*** Exercise material ***

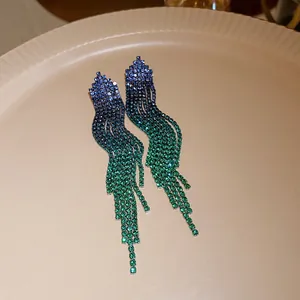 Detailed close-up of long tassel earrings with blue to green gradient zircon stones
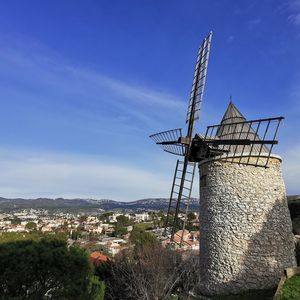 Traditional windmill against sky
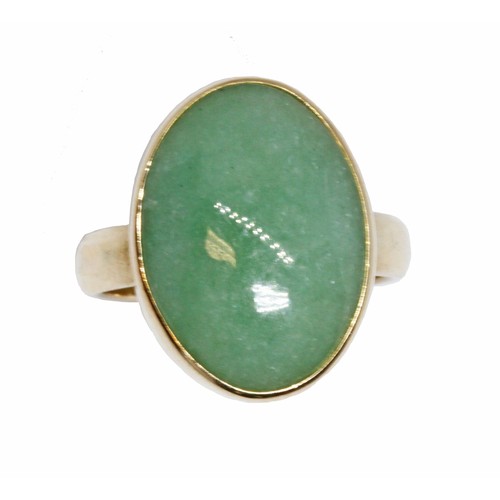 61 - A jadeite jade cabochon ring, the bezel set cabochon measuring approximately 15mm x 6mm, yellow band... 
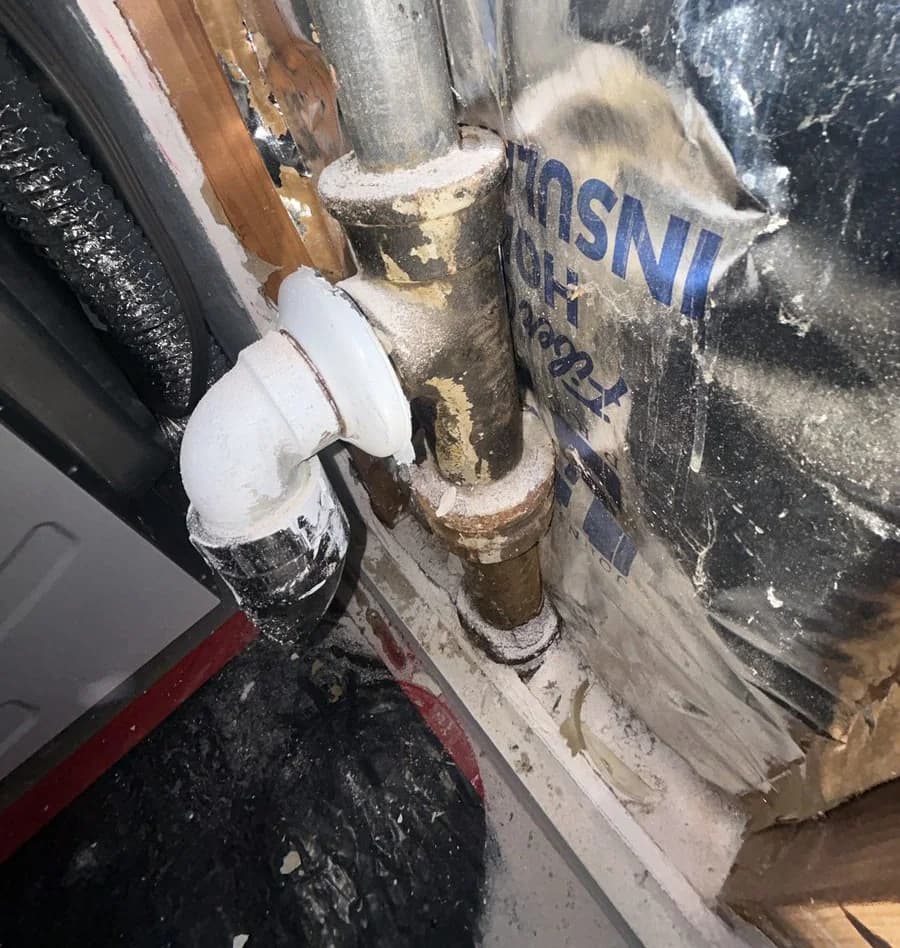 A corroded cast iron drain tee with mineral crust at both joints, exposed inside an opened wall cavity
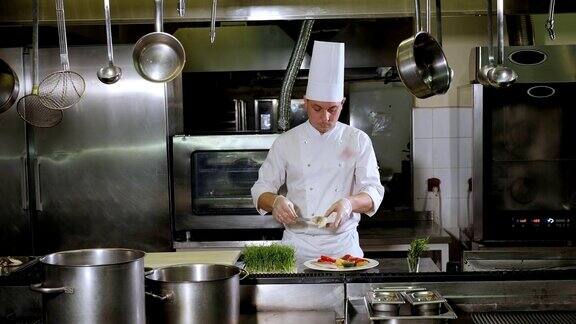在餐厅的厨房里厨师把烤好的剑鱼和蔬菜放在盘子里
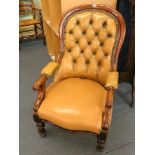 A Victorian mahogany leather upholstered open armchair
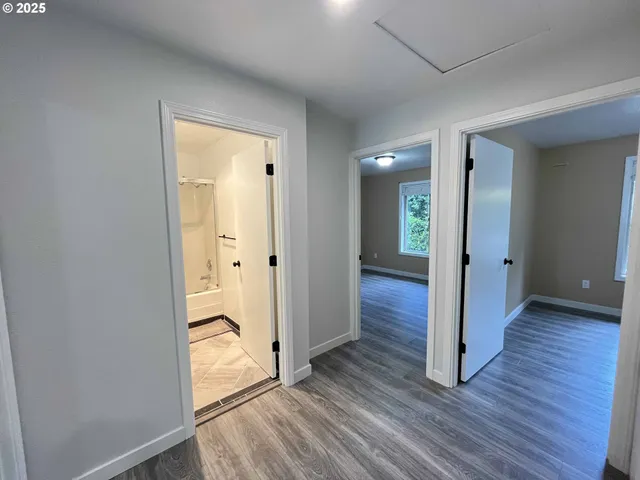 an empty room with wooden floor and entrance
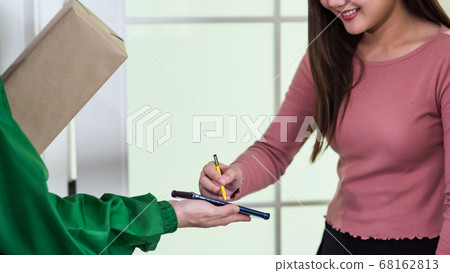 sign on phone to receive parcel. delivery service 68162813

*** End of Exercise material ***
*** Exercise material ***

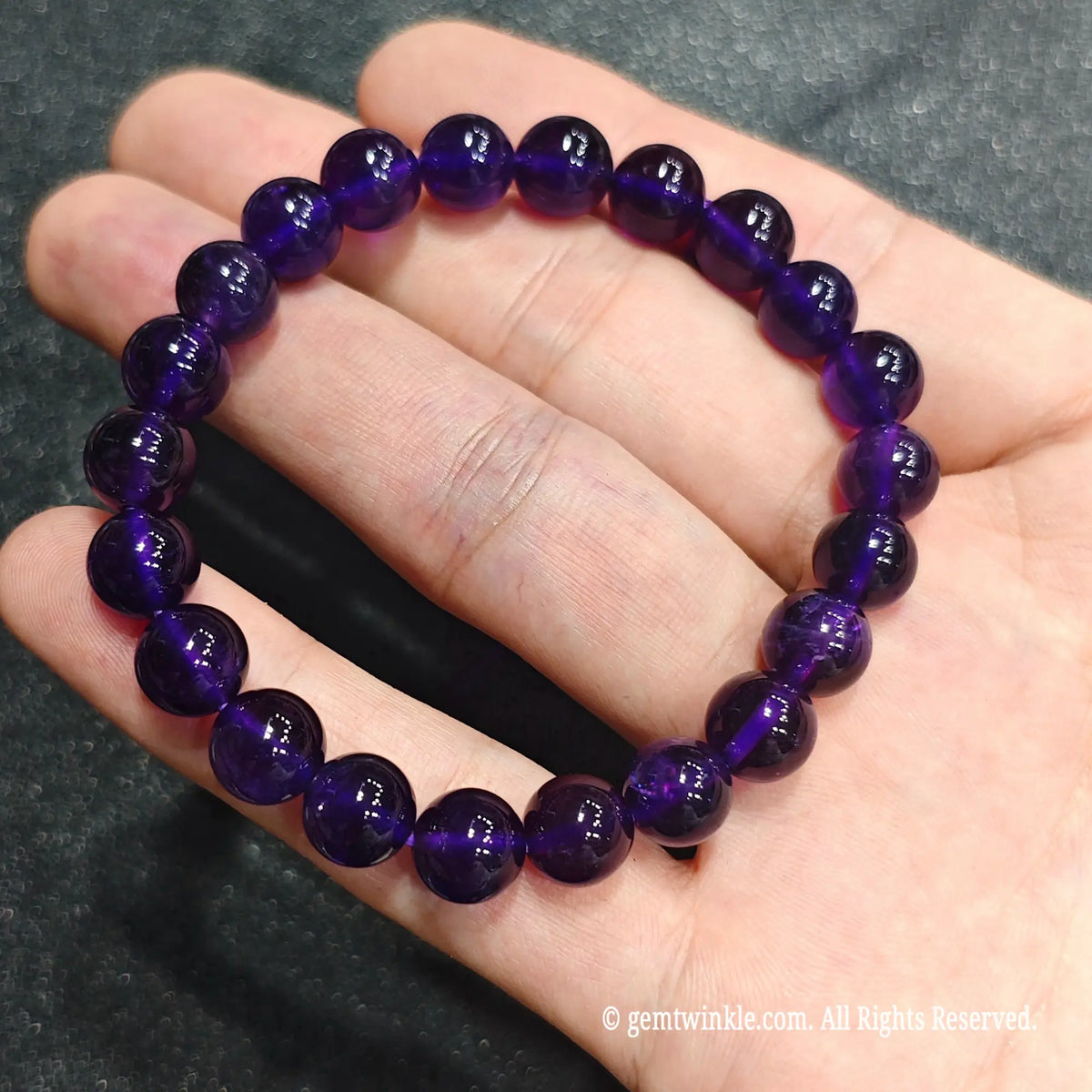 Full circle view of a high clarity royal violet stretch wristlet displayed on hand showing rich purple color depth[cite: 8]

*** End of Exercise material ***
*** Exercise material ***

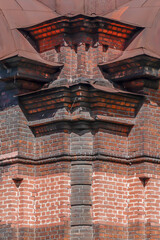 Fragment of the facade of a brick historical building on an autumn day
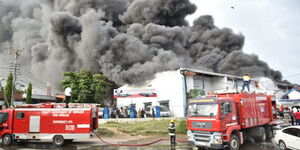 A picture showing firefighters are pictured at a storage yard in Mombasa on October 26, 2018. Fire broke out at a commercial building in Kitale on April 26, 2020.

*** End of Exercise material ***

Your assignment: Start at the line containing "an empty room with wooden floor and entrance" above and stop at the line containing "sign on phone". Output those lines exactly, both included, but none of the pictures.

Result of this task:
 an empty room with wooden floor and entrance
 sign on phone to receive parcel. delivery service 68162813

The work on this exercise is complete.